In a recent TSM article I discussed how these American assumptions about struggle are very different to the mindset prevalent throughout many Asian cultures:
“Recently I’ve begun reading some of the research on cross-cultural psychology in various academic journals, with the aim of exploring how the concept of struggle is approached in different societies. In the process of these studies I learned something very interesting: what people in one culture think of as failing, people in other cultures think of as learning.
“Let me ask you a question. Is a good student one who struggles at school or one who doesn’t? Previously, I might have been tempted to answer that smart students are the ones who can get their work done quickly and easily with a minimum of struggle. Like many of us, I’ve tended to default to the typical American view of learning. In our quick-fix, fast-food culture, it’s easy to just assume that the best students are those who can get their work done without any frustration and struggle. But I’ve had my thinking challenged by looking at learning in Asian cultures, where the sign of a good student is one who can struggle for a long time with the same problem, task or difficulty. These different orientations towards struggle make a huge difference in the culture of the classroom…
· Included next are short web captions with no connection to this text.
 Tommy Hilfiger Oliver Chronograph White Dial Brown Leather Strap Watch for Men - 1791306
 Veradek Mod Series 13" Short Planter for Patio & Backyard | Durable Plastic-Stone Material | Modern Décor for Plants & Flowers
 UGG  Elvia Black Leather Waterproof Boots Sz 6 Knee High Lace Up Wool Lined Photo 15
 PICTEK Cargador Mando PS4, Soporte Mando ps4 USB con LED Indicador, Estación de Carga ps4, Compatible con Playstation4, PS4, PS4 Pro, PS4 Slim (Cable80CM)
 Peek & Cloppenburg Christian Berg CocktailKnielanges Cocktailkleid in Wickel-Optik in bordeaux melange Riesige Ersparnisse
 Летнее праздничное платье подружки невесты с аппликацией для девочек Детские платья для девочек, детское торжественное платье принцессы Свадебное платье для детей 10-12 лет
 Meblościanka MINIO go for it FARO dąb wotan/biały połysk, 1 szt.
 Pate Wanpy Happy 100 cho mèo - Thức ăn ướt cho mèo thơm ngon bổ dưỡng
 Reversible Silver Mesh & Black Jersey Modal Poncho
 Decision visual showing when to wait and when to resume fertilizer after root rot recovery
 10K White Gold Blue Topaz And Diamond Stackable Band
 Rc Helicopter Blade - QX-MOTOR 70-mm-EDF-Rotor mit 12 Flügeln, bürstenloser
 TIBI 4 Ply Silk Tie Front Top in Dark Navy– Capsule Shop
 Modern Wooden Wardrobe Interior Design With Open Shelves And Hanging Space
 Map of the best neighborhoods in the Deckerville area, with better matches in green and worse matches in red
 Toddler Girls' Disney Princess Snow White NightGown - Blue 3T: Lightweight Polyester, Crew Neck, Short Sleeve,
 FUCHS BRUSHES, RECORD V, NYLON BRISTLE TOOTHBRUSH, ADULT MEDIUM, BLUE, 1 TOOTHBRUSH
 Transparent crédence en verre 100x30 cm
“[Research has shown] that American classrooms were tending to change the content in order to make its presentation more interesting to the students, while in Japan the focus was on changing the students to make them more attentive and focused. ‘Japanese tend to stress developing adaptive dispositions; Americans try to make the learning context more attractive.’
“One of the purposes of Americans trying to make the learning context more attractive is to minimize the difficulty and struggle facing students…. By contrast, the Japanese model of developing adaptive dispositions nurtures students into seeing that a subject—mathematics for example—is inherently interesting for its own sake. …The emphasis on developing internal rather than external sources of motivation fits within the Japanese framework of a good student being one that can develop internal virtues through struggle and self-discipline.
“Since the sign of a successful student in America is someone who can get his or her work done with a minimum of struggle, classrooms are tailored to make learning as fun as possible. But in Asia the sign of a good student is precisely the opposite: it is the students who show they can persevere through struggle that are believed to be destined for great things later in life.”